I'm vaguely familiar with the work of Azcona et al that you reference, but I was not involved in the details. But my understanding (which you could reach out to Azcona et al to confirm) is that only the aerodynamics and inflow calculations from FAST v6 were used in the hybrid SiL coupling. That is, there was no structural part on the numerical simulation side of the hybrid SiL approach. This is akin to coupling the AeroDyn and InflowWind modules from OpenFAST (but not ElastoDyn or other modules) to the physical model in the wave tank, where the physical model accounts for all structural components (with the rotor mass/inertia lumped rather than represented as physical blades). Tower flexibility could be considered in the physical model in the wave tank, if desired.

From what I've heard, this SiL approach worked as desired, given limitations on which aerodynamic loads are applied and the rigid rotor assumption.

Similar SiL approaches have been implemented at other wave tanks using cables rather than fans.

Best regards,

[zz17635]

Thanks Dr Jonkman. I've tried to reach out to them some time ago but didn't get response, but I think it is fair to believe that the structural aspect were not coupled in these tests.

This information is important. So back to where my questions started, if I abandon the idea of a full aeroelastic coupling, but only consider the coupling on the calculation of the turbine's rotur thrust in a Numerical-Numerical way (by following the same idea in these wave tank tests), then what I need is supposed to be only the AeroDyn module itself. But even with that, still:

• The standalone AeroDyn cannot be called in whatever way I want
• The initialisation step of the standalone AeroDyn is still expensive
• The source code of standalone AeroDyn still needs to be modified (given the first two bullet points, the "file I/O approach" is definitelyout of consideration.)
• The other software (Abaqus or else) needs to be called by the standalone AeroDyn to transfer the module-level inputs/outputs of AeroDyn that are structured/formatted/formulated (?) based on Fortran. So if this external software does not support that intrinsically, a type of "interface" needs to be developed for it (suchas "some wrapper around AeroDyn" as you mentioned in #801 or a TCP/IP-based protocal as illustrated in the test of Azcona et al., in the form of DLL perhaps?)

Are these impressions making sense?

Best regards,

===============================================================================

Information below about the cable-actuated hybrid wave tank test is for potential future viewers:

They've used FAST too, and looks like only AeroDyn too, with the rigid rotor assumption:

Figure 6. SiL using cables rather than fans, from Hall and Goupee (2018). (attached at the end)

Figure 7. Hybrid testing scheme, from Hall and Goupee (2018). (attached at the end)

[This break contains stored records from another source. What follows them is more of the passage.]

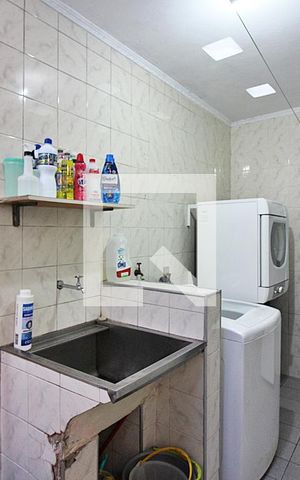 Casa à venda com 150m², 3 quartos e 2 vagasLavanderia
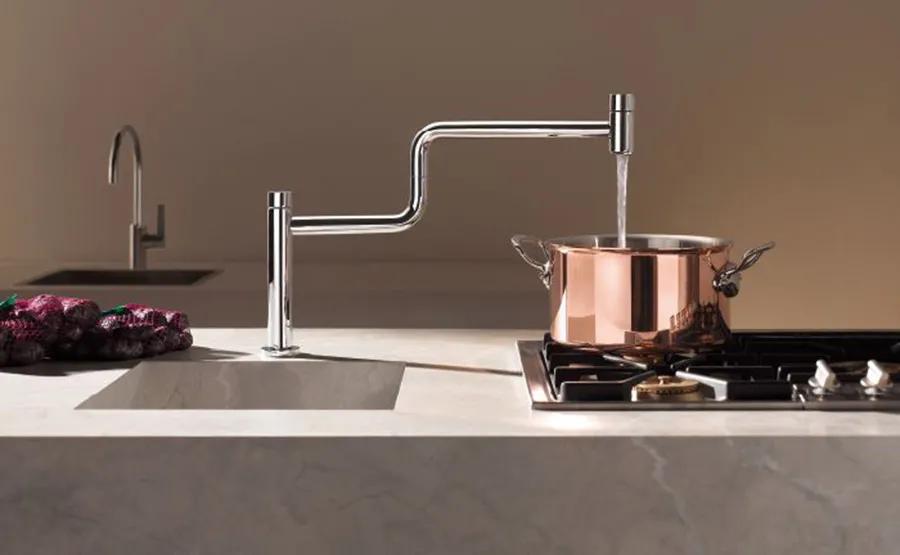 怎么在灶台墙上安装水龙头,灶台上装个抽拉式水龙头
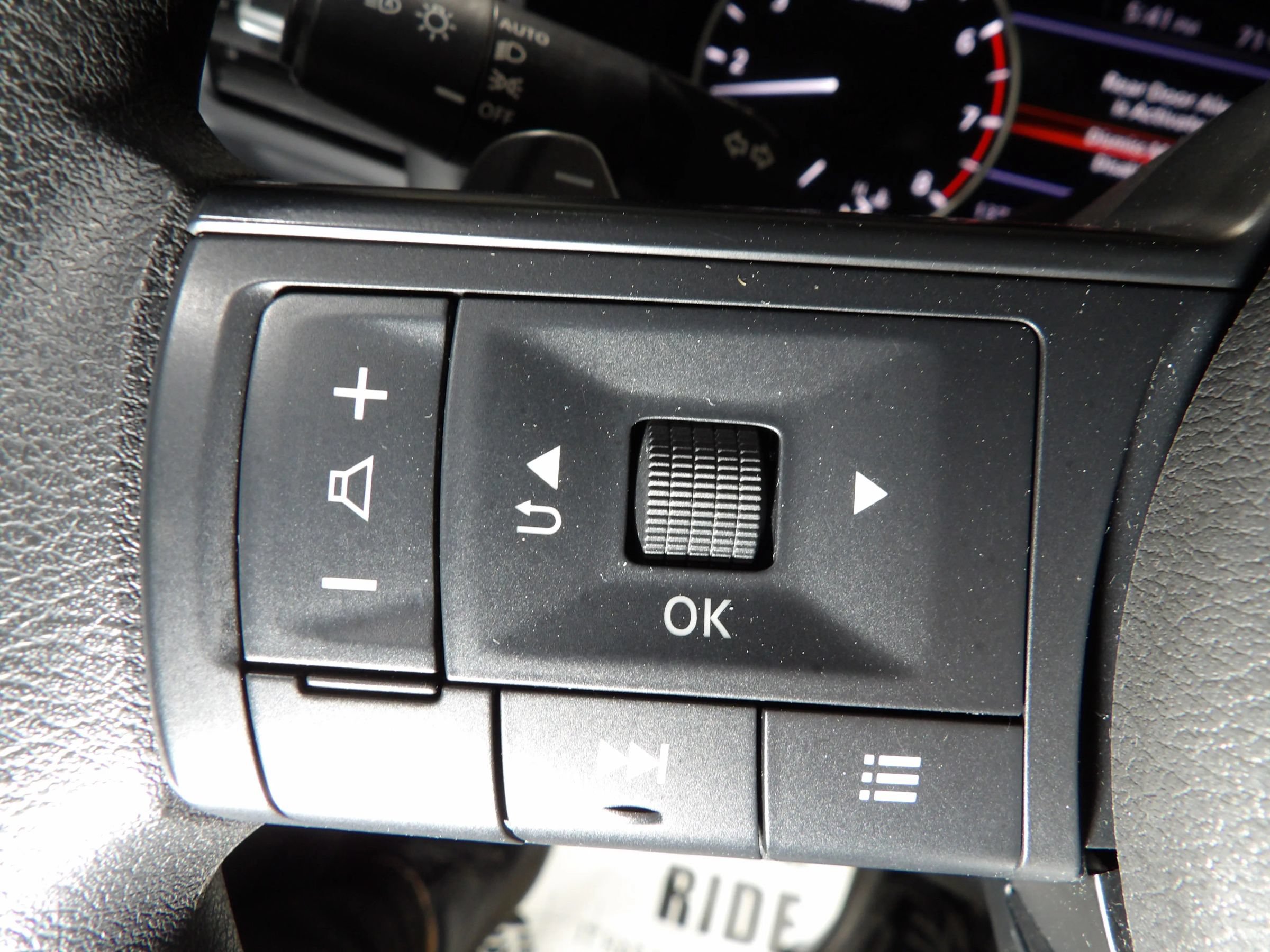 Used 2022 Nissan Rogue S FWD image 18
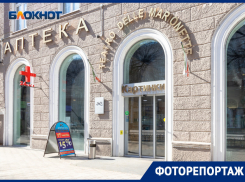 Аптеку превратили в кукольный театр с любовью к Воронежу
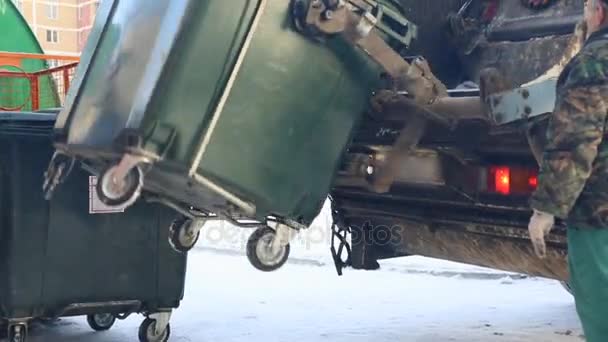 Müllentsorgung Müllwagen Mit Mülleimerlift — Stockvideo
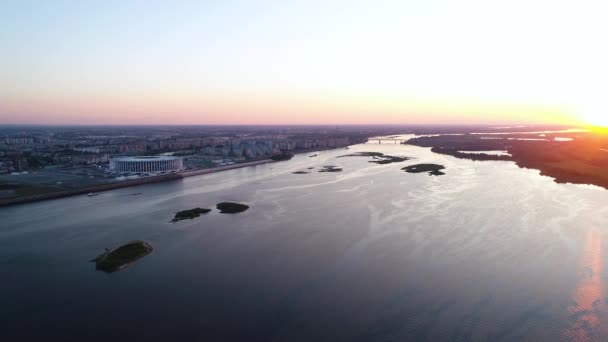 Roze Zonsondergang Boven Samenvloeiing Van Twee Rivieren Luchtonderzoek — Stockvideo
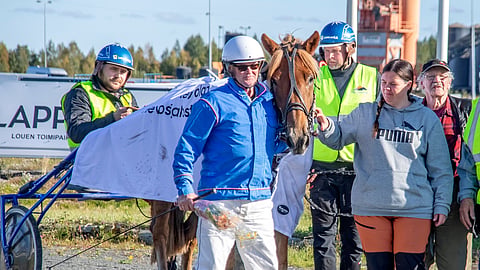 Leijan Liito ja Ari Keränen voittajaseremonioissa.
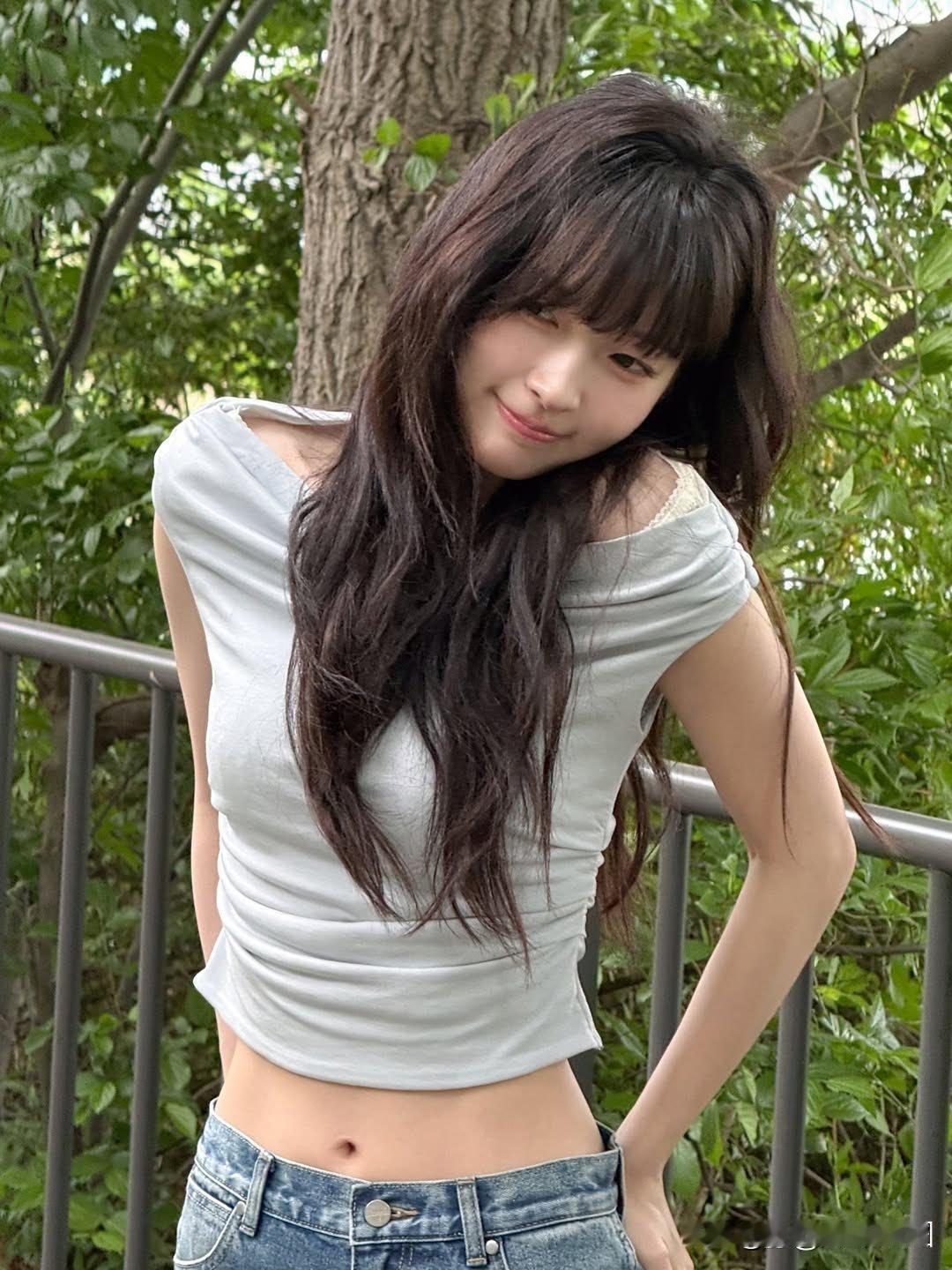 见过哪些令人心动的街拍照片? 元气少女在绿意盎然中，微笑如阳光般灿烂！🌞💚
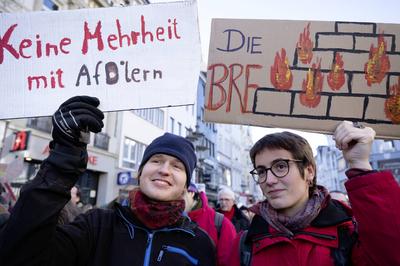 Demonstration in Bonn gegen Rechts und Rassismus  |Demonstration in Bonn against right-wing politics and racism|-stock-foto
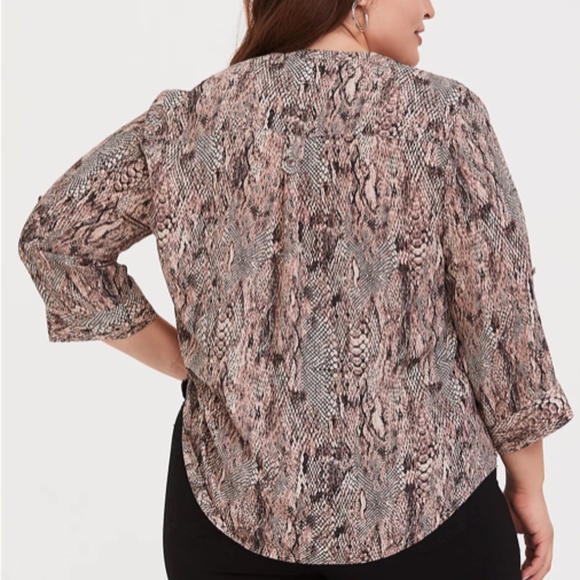 HARPER - SNAKESKIN PRINT GEORGETTE PULLOVER BLOUSE - Picture 3 of 4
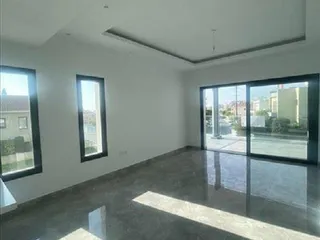 Axlh в городе Лимассоле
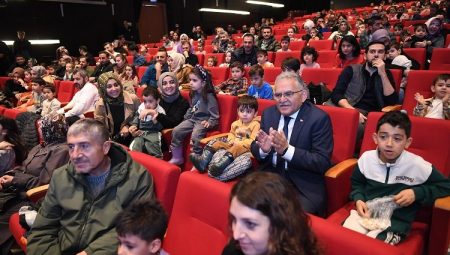 Büyükkılıç, miniklerin çocuk tiyatrosu mutluluğuna ortak oldu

The paper: Hall, Goupee - 2018 - Validation of a hybrid modeling approach to floating wind turbine basin testing.pdf

[jjonkman]

Dear @zz17635,

Yes, I agree with your comments. Please note that I typically use the term "standalone" to refer to the driver of a specific module. I would use the term module to refer to the main routines of a given module that are called by a driver or glue code. In your case, you don't need the AeroDyn driver, but you do need the AeroDyn and InflowWind modules, as discussed in https://github.com/OpenFAST/openfast/discussions/801.

Best regards,

[zz17635]

I see, the driver or the glue-code, a module doesn't care, they play the same role from the AeroDyn module perspective. Thank you Dr Jonkman, I do appreciate your time these days and your invaluable comments!